A lo largo de los años he tenido más de un rifirrafe online a propósito de «quien nos creemos que somos los reseñadores». Yo suelo mirar para todos los lados, para saber a quién le dicen, porque lo que es a mí no. Aquí esta mi «acusatio manifiesta», un texto originalmente escrito en agosto de 2016 para El Vals de la Araña que no se llegó a publicar.

Reseña.

  1. f. Narración sucinta.
  2. f. Noticia y examen de una obra literaria o científica.
  3. f. Revista que se hace de la tropa.
  4. f. Nota que se toma de los rasgos distintivos de alguien o algo para su identificación.
  5. f. p. us. Señal que anuncia o da a entender algo.

Reseñar.

  1. tr. Hacer una reseña.

Reseñador, ra. RESEÑISTA NO EXISTE (qué le vamos a hacer…)

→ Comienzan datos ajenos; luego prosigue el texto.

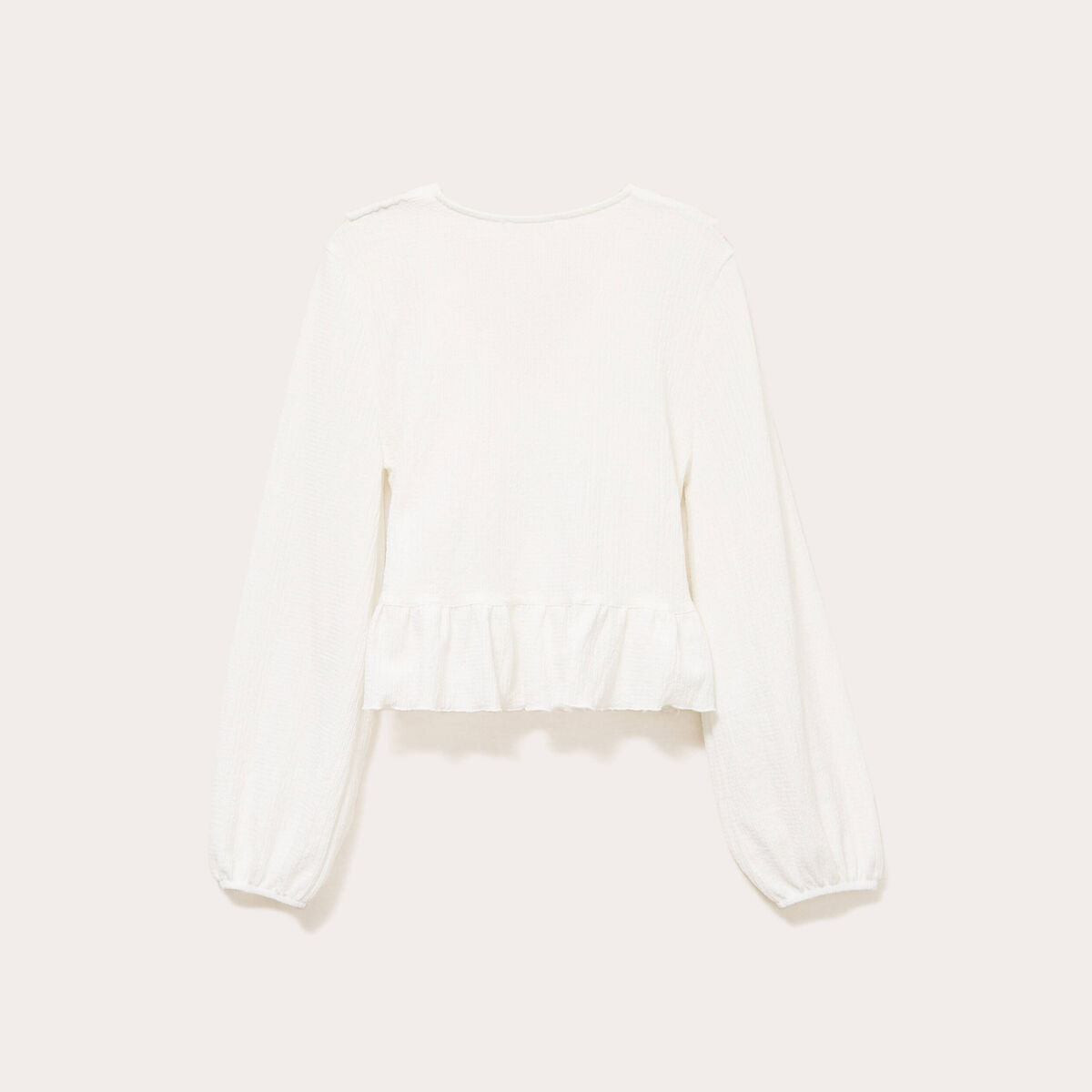 Blouse cropped grand col brod&eacute; ecru femme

  1. m. y f. Persona que hace una reseña (noticia y examen de una obra).
  2. m. y f.. Persona que hace una reseña (nota de los rasgos distintivos de alguien o algo).

Esto dice la RAE, pero la RAE dice muchas cosas —algunas muy rarunas— y ese melón algún día lo abriré, pero como se le dice al dios de la muerte: «not today». El caso es que a cuenta de lo sencillo y barato que resulta hoy en día hacerse con un bloguito, o con una cuenta en Goodreads o cualquier otra red social, se ha creado un espacio de opinión pública alrededor de los libros (y de cualquier otra cosa, de hecho) que antes no existía. Proliferan las páginas de «reseñas», y la inmensa mayoría de ellas son personas, lectores, que comparten con el resto del mundo en abierto tus puntos de vista, sus experiencias lectoras. Son lectores que opinan, charlan, intercambian pareceres,  se hacen sus trapis de colaboraciones con editoriales a cambio de libros, sortean cosicas, etc… Y claro… En la definición de la RAE, ¿dónde exactamente pone nada sobre opinar? Es decir, lo llamamos reseñas a todo, así, a lo gordo, pero, ¿lo son?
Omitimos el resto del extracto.